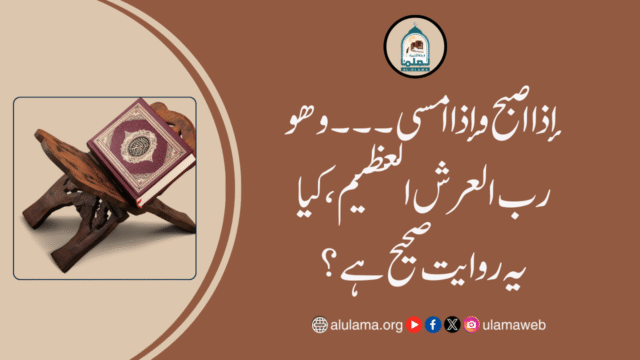إذا اصبح وإذا امسى۔۔۔ وهو رب العرش العظيم،کیا یہ روایت صحیح ہے؟
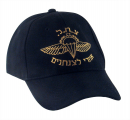 Black  Israeli Army Zahal Paratroopers Cap
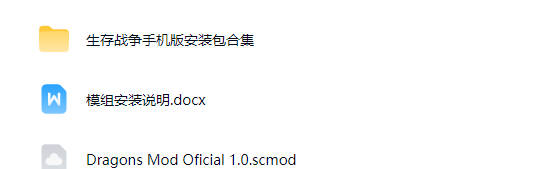 图片[1]-生存战争恐龙模组Dragons2.3插件版1.44api中文版下载，亲测可用，附带安装包-小飞模组网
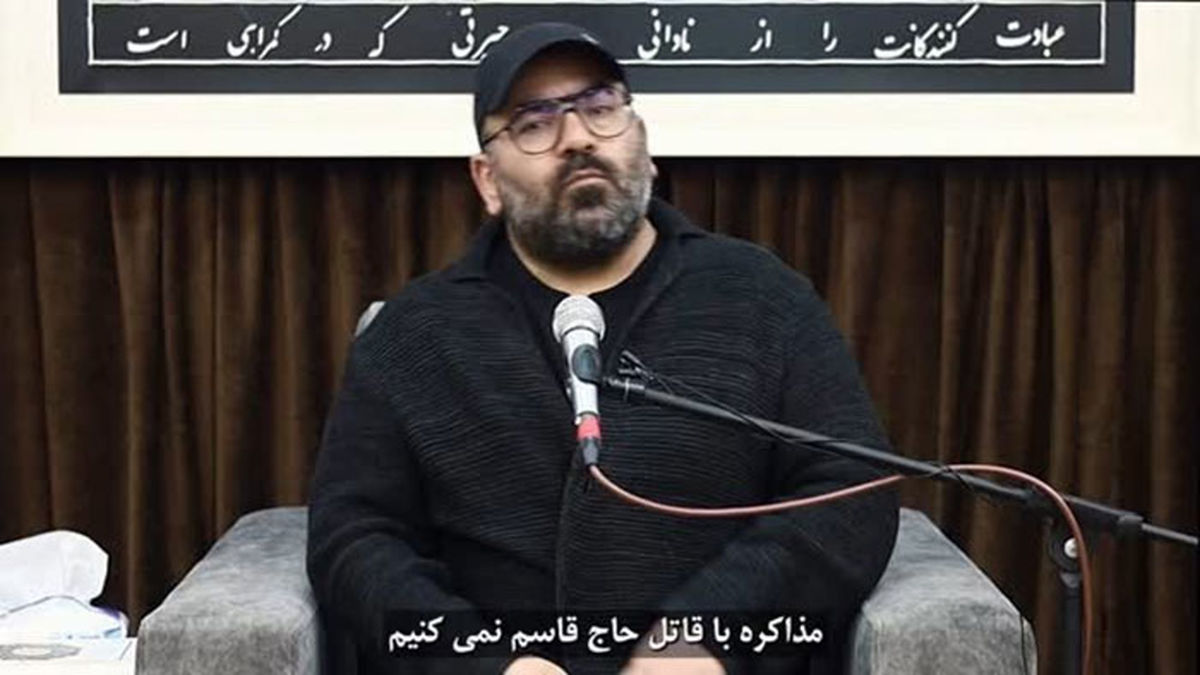 آقامیری: چطور با صدام مذاکره کردید، با ترامپ نمیکنید؟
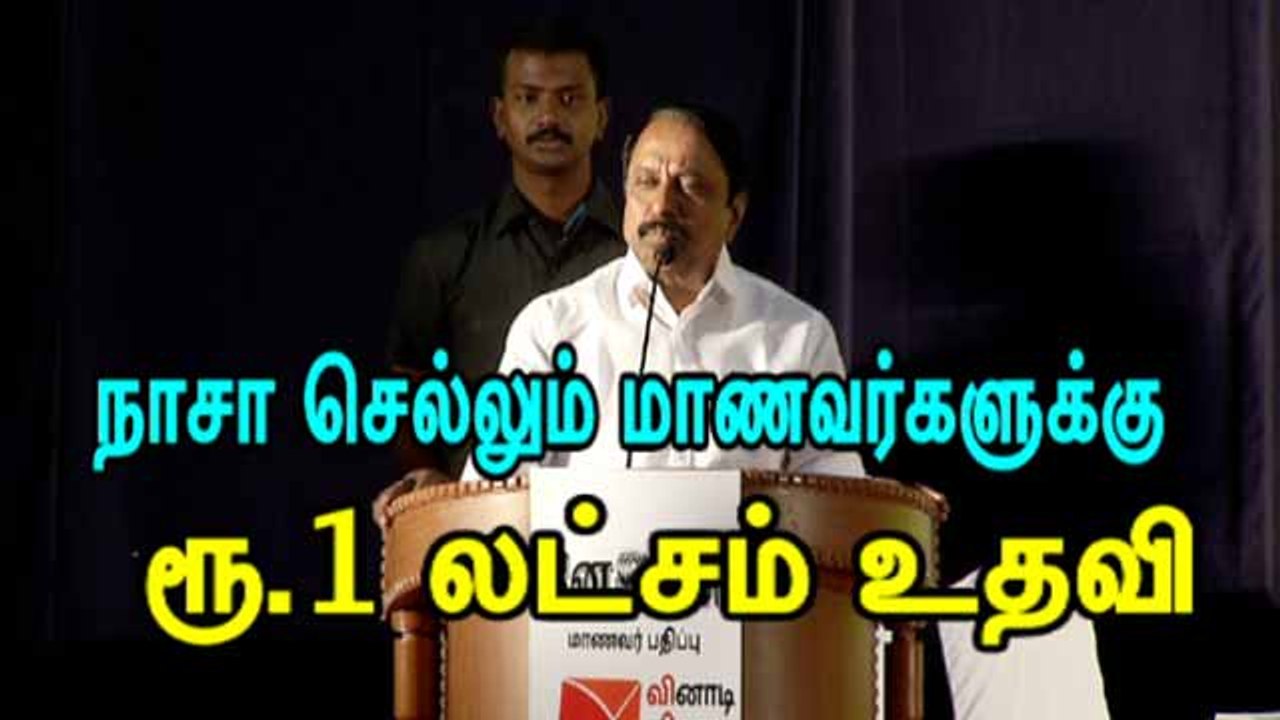 நாசா செல்லும் மாணவர்களுக்கு  ரூ.1 லட்சம் உதவி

◆ What is expected: Please return exactly the lines from the one containing "图片[1]-生存战争恐龙模组" through the end of the material above, both ends included, but not the pictures.

◆ Written reply:
 图片[1]-生存战争恐龙模组Dragons2.3插件版1.44api中文版下载，亲测可用，附带安装包-小飞模组网
 آقامیری: چطور با صدام مذاکره کردید، با ترامپ نمیکنید؟
 நாசா செல்லும் மாணவர்களுக்கு  ரூ.1 லட்சம் உதவி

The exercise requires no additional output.